There are plenty of suitable RPGs, notably investigation games like Gumshoe which already has paranormal and mutant-chasing variants, as well as post-X Files paranormal-hunting games like Conspiracy X, or if you want to go another way model-the-TV-show games like PTA and Smallville. Indeed, I wonder why someone like MWP hasn't licensed Fringe itself.

Tuesday 13 December 2011

Would you like some folkloric British monsters?

SFX are nice enough to give away their Paranormal Special's article on the subject.

Nessie, the Great Grey Man of Ben MacDhui, the Lambton Worm... Ten in all, enough to fill a British supernatural adventure show, turn out to be aliens in a series' worth of Doctor Who or cryptids in Primeval, inspire fantasy beasts or horror monsters and more.

Are the Owlmen the Strix from Vampire: The Requiem in their natural form? Is the story of the last Cottingley Fairy picture being real the truth? Is the Black Dog a friend or an enemy?

Monday 12 December 2011

The Nine Companions

To celebrate my ninth follower here - presumably also my 20th over on The Door, hello!

How significant are numbers in your game world?

Is it bad luck to have thirteen at the table, or in the adventuring party? Is three the magic number, or is it five, or seven? Which number Shall Not Be Spoken?

And how do you apply this when you have an uncertain number of PCs?

Of course, you can make just about any number, or phrase, or physical characteristic, hugely significant in a game world. Omens and pattern recognition have presented us with plenty of examples.

"Five there must be, one for each finger of the hand!"

"2001 is actually the start of the new millennium!"
"Nobody likes a math geek, Scully. "

"Ahh, you have green eyes, you cannot enter by the front door!"

So if you have six players, they could be connected by a prophecy relating to the six senses, the days God worked on Earth, or the luck of a normal die.

And since most RPGs run off numbers and their random generation, you could even throw number symbolism into the game itself. In Nomine, the game of angels and demons secretly battling over the world, is built around the d666.

Saturday 10 December 2011

The Fellowship of the Ring came out ten years ago.

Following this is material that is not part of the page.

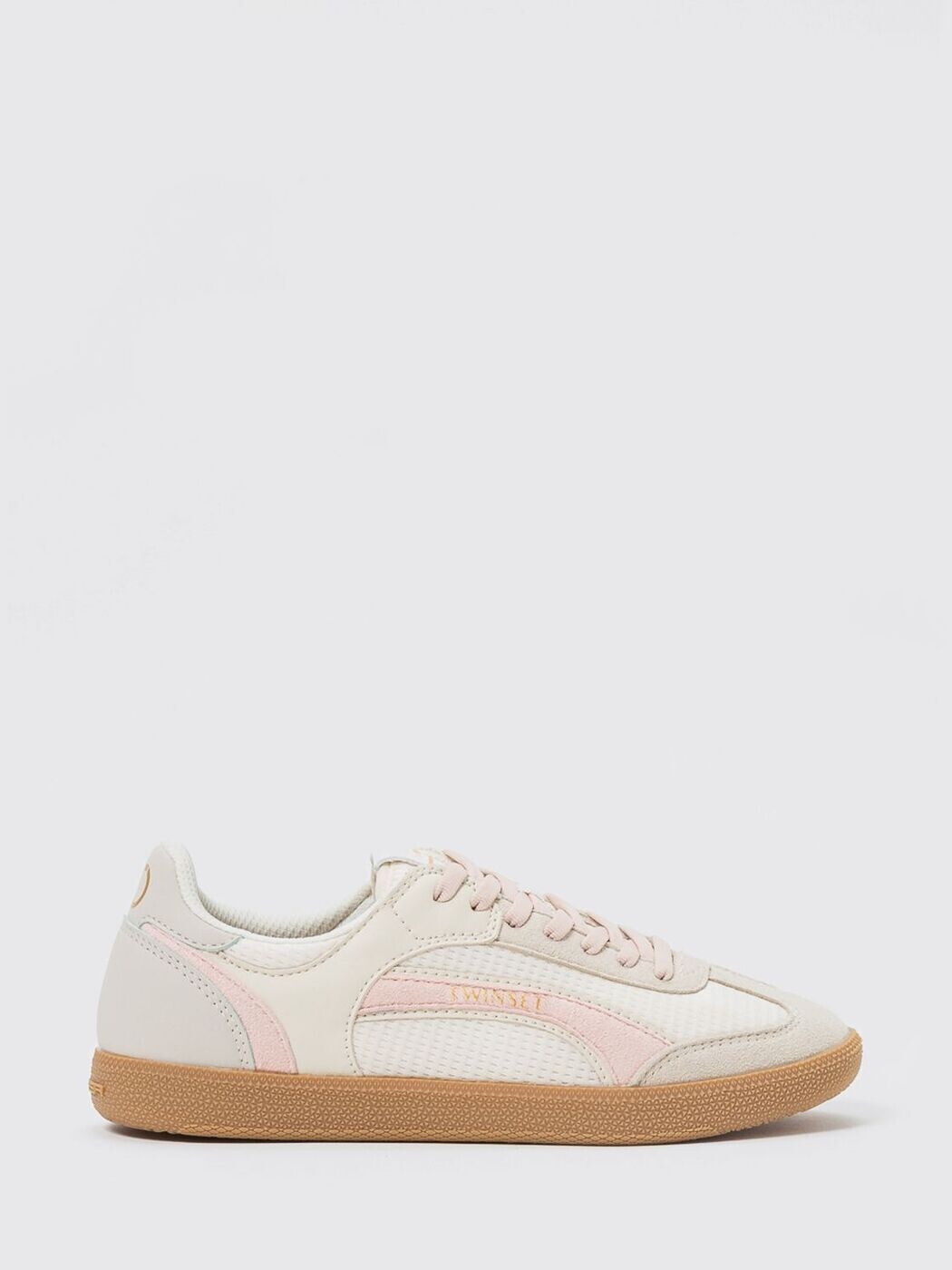 ツイン仕掛ける TWINSET スニーカー レディース サクラ色 Sneakers 261TCP01L 関税 貨物輸送無料 2026SS gi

In some ways it doesn't seem that long ago, in others (where it connects to very early memories of the books) it seems like it's always been there.

It's why I don't generally run or play standard fantasy - I know I can't GM like Tolkien can. I'd love to have a hand in something like that, but so much standard fantasy is just about fighting through Moria rather than grieving over Gandalf, getting up the mountains rather than the importance of fellowship.

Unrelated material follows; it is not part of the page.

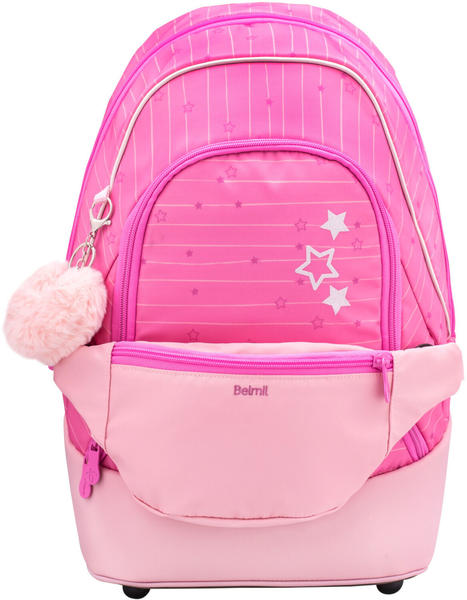 Belmil 2-in1 Backpack & Fanny Pack (338-84/P) Candy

The One Ring goes towards building this in, but I think it might make it too planned out. Really, you need a group who can throw themselves into it.

Thursday 8 December 2011

Oh, The Weather Outside Is Frightful

As I write this, the amusingly nicknamed Hurricane Bawbag rages outside, disrupting plans and causing much consternation. This time last year, of course, we were two weeks into six and a half weeks of being snowed in, so I suppose a storm isn’t such a big deal.

So... the weather in games.

Mostly it’s scenery, with dark and stormy nights aplenty, rain most often falling on noirish PIs, vampires threatened by the bright morning sun.

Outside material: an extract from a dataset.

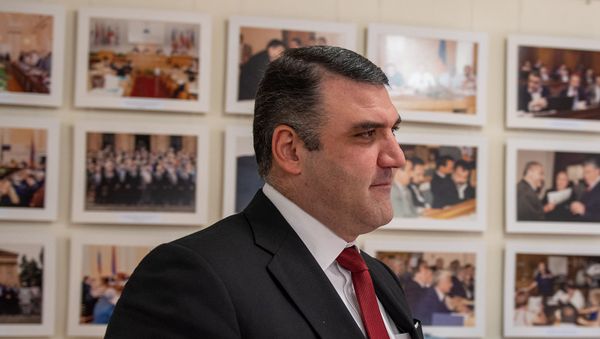 Геворг Костанян - Sputnik Армения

Sometimes it’s a dramatic device that forces adventurers to take shelter in the inn where the murder happens, or miss a vital train due to leaves on the line, or travel through Moria rather than over the mountains.

Sometimes it’s actively involved, under the control of superhuman powers for good or ill.

Games that tend more towards the dice falling where they may and the likes of random encounters might well include random weather, with a roll of the dice always waiting to screw up plans.

But a bit of strange weather could change a regular encounter even if it doesn’t fit the weather’s usual dramatic uses.

Consider a typical battle with a troop of Orcs/brigands/vampires/Stormtroopers and add enough rain to turn the ground to mud as the fight continues. Compare Agincourt in Branagh’s Henry V to Olivier’s to see the difference it can make to a standard narrative.

Thursday 1 December 2011

An observation caused by the Lego Star Wars Advent Calendar

The Yuuzhan Vong are the Tzimisce.

For various reasons, but most of all because, for me, neither of them feel like they fit in the universes they were brought into.